-- WHAT YOU ARE ASKED TO DO --
Within the listing that follows, reproduce exactly the lines starting at the line with "Ver imagem 6" and ending at the line with "Johnny Was MONACO PEASANT BLOUSE", inclusive, and only those. Pictures are dropped.

-- SOURCE INFORMATION --

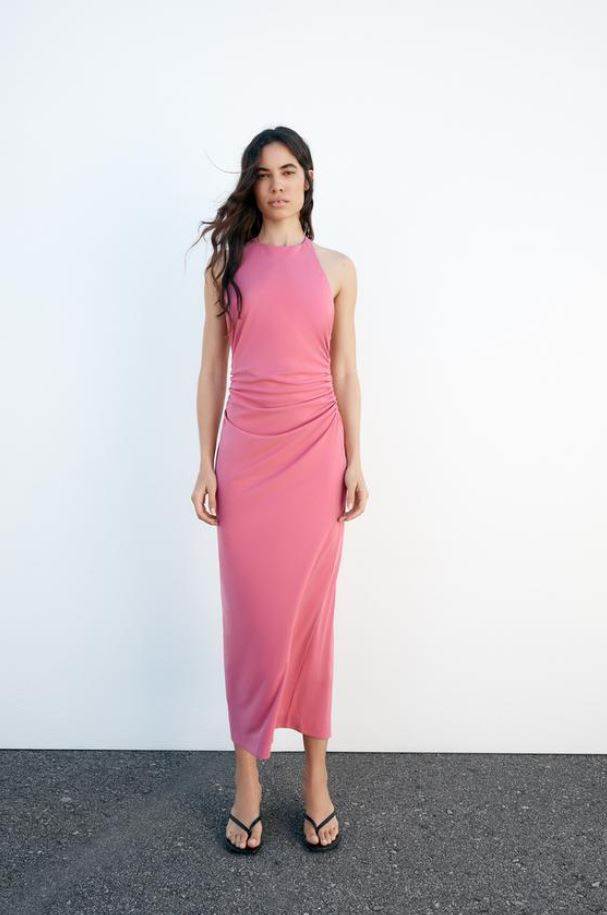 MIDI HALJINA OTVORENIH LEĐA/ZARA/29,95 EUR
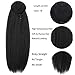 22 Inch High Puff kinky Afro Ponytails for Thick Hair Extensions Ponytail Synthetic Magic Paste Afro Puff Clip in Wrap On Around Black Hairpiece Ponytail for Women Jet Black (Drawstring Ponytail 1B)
* * *
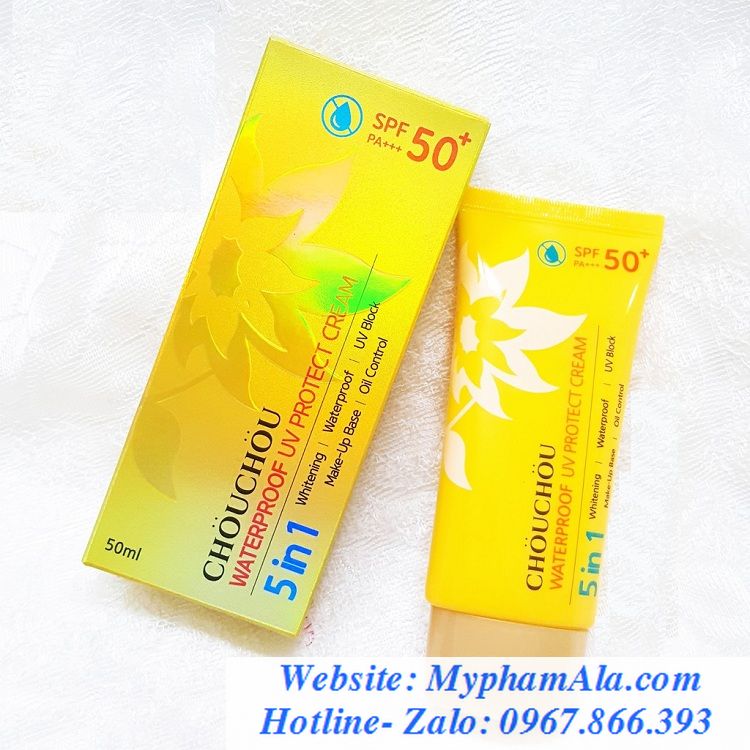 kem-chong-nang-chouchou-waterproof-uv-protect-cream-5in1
--
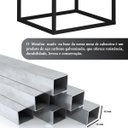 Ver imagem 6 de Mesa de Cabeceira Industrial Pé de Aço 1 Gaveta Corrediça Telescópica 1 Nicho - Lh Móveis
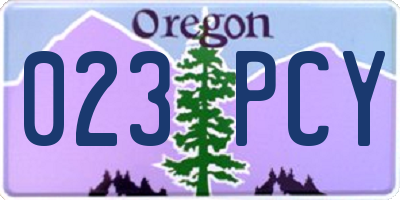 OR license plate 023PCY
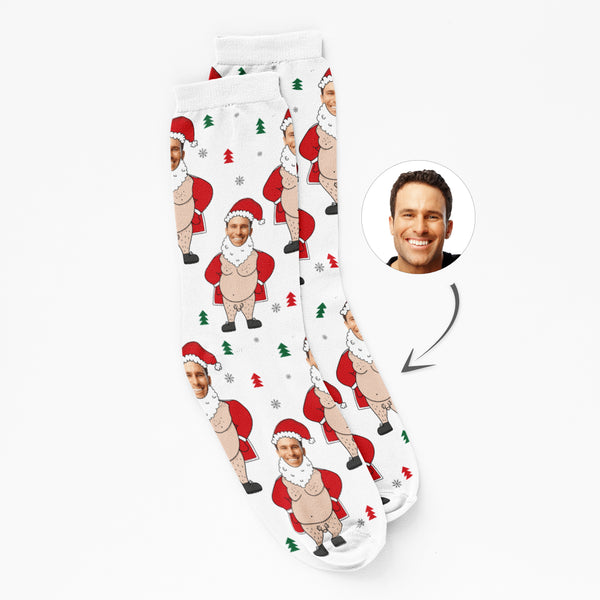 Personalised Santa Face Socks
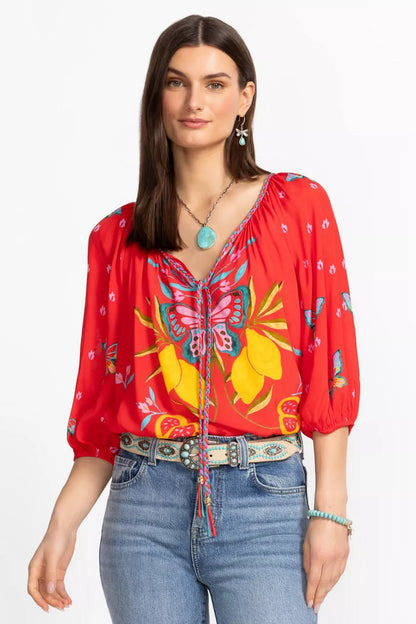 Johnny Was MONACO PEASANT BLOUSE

-- ANSWER BOX --
 Ver imagem 6 de Mesa de Cabeceira Industrial Pé de Aço 1 Gaveta Corrediça Telescópica 1 Nicho - Lh Móveis
 OR license plate 023PCY
 Personalised Santa Face Socks
 Johnny Was MONACO PEASANT BLOUSE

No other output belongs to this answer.